Government leaders have reportedly swallowed their pride and agreed to hold an all-party conference to explore ways and means of saving the national economy. They mustered a two-thirds majority in Parliament, and fully restored the executive powers of the President through the 20th Amendment to the Constitution, promising to solve all problems and usher in prosperity. But, today, they are seeking the help of others to keep the economy afloat!

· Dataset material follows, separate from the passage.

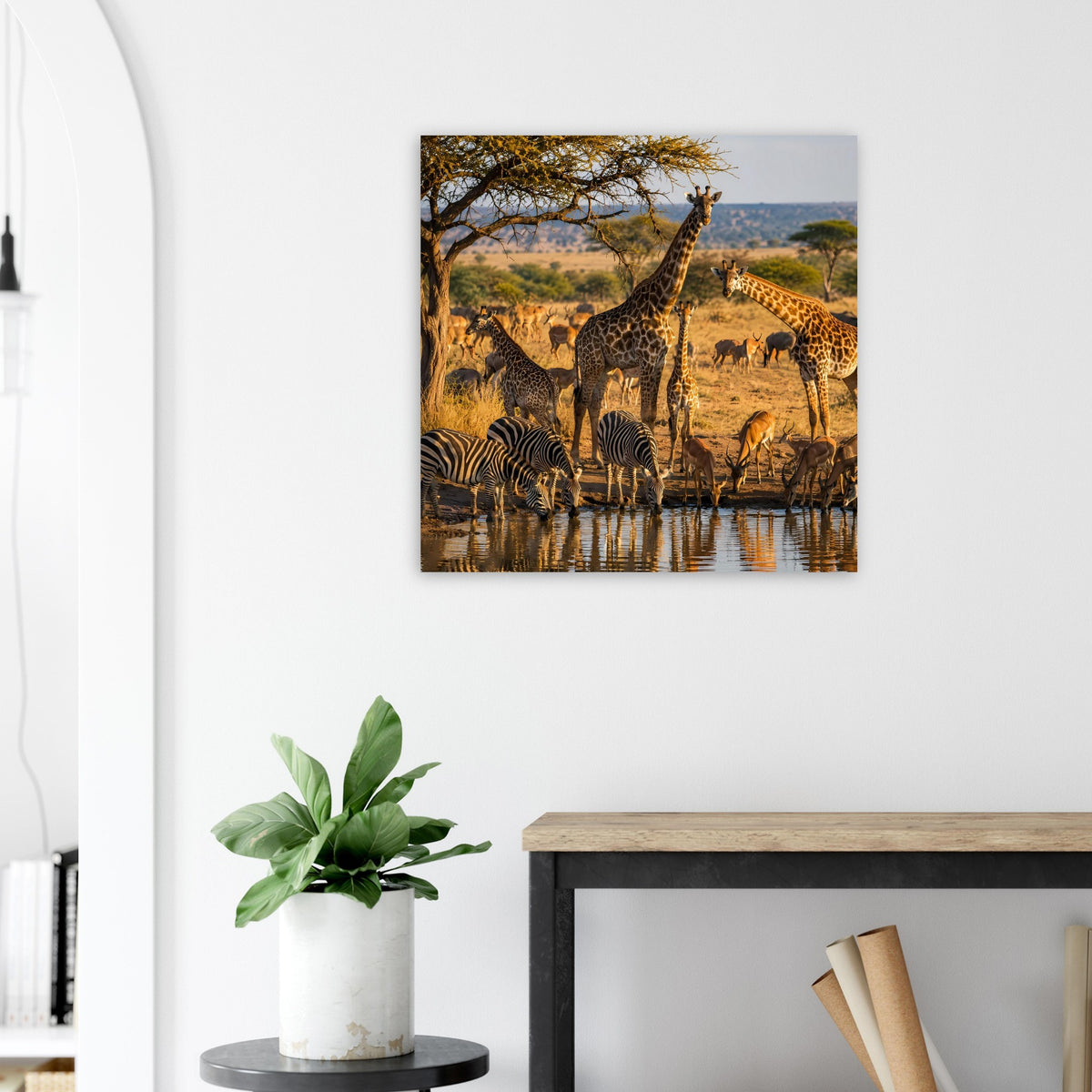 Safari-Wildtierszenen-Poster mit Giraffe, Zebras und Safari-Tieren in goldenen Tönen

The present-day leaders could have prevented the current economic crisis if they had acted prudently, but it is not of recent origin. Trouble began about four and a half decades ago, when the country started borrowing heavily from external sources, and going on spending sprees in the name of development without increasing state revenue to pay back loans. Governments invested in unnecessary mega development projects, for political reasons, and borrowed to pay for non-essential imports and settle loan instalments. The economic crisis, which had been growing like a cancer, manifested itself in the present form after the onset of the Covid-19 pandemic, which brought the country’s foreign exchange inflow to a halt. Having let the grass grow under their clumsy feet, political grandees are now making a desperate bid to tackle the crisis.

All political leaders who have (mis)ruled this country since 1977 are responsible for economic mismanagement, reckless borrowing, unbridled waste, ill-conceived development projects and rampant corruption. The incumbent administration is running around like a headless chicken, unable to figure out how to contain the crisis, much less resolve it once and for all.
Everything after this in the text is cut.